• Records for this exercise:
=== Begin Enclosure ===

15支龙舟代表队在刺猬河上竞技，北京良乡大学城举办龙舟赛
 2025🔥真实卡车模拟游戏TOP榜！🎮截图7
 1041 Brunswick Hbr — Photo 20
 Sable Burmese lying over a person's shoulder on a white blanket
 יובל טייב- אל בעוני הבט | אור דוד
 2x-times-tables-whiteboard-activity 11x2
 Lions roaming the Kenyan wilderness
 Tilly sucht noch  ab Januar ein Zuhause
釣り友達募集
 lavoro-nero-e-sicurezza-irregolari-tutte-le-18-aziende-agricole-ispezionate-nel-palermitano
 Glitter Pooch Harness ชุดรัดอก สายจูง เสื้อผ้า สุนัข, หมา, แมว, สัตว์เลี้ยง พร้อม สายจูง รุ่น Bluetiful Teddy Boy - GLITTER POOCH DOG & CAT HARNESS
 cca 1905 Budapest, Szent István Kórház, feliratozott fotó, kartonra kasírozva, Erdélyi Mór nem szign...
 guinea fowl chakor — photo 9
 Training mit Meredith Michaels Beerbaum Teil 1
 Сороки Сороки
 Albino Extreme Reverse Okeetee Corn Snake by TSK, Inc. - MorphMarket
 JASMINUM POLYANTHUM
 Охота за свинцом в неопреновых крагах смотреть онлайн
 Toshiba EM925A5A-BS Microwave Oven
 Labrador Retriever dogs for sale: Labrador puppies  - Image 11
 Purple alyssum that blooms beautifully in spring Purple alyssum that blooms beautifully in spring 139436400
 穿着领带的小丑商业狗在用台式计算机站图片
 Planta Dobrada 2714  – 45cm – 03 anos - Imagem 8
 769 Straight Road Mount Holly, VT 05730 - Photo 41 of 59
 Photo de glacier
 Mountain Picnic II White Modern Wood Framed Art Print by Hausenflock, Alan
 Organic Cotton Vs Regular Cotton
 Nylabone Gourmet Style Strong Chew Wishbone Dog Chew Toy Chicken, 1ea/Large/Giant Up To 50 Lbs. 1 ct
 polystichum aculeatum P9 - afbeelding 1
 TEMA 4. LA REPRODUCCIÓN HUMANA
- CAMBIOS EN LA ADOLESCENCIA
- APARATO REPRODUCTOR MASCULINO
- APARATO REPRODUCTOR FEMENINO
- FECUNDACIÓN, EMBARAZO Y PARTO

=== End Enclosure ===

• What to work on:
Here the output must be the lines above from the line with "Lions roaming the Kenyan wilderness" to the line with "Planta Dobrada 2714", both included, duplicated word for word and nothing else.

• Answer below:
 Lions roaming the Kenyan wilderness
 Tilly sucht noch  ab Januar ein Zuhause
釣り友達募集
 lavoro-nero-e-sicurezza-irregolari-tutte-le-18-aziende-agricole-ispezionate-nel-palermitano
 Glitter Pooch Harness ชุดรัดอก สายจูง เสื้อผ้า สุนัข, หมา, แมว, สัตว์เลี้ยง พร้อม สายจูง รุ่น Bluetiful Teddy Boy - GLITTER POOCH DOG & CAT HARNESS
 cca 1905 Budapest, Szent István Kórház, feliratozott fotó, kartonra kasírozva, Erdélyi Mór nem szign...
 guinea fowl chakor — photo 9
 Training mit Meredith Michaels Beerbaum Teil 1
 Сороки Сороки
 Albino Extreme Reverse Okeetee Corn Snake by TSK, Inc. - MorphMarket
 JASMINUM POLYANTHUM
 Охота за свинцом в неопреновых крагах смотреть онлайн
 Toshiba EM925A5A-BS Microwave Oven
 Labrador Retriever dogs for sale: Labrador puppies  - Image 11
 Purple alyssum that blooms beautifully in spring Purple alyssum that blooms beautifully in spring 139436400
 穿着领带的小丑商业狗在用台式计算机站图片
 Planta Dobrada 2714  – 45cm – 03 anos - Imagem 8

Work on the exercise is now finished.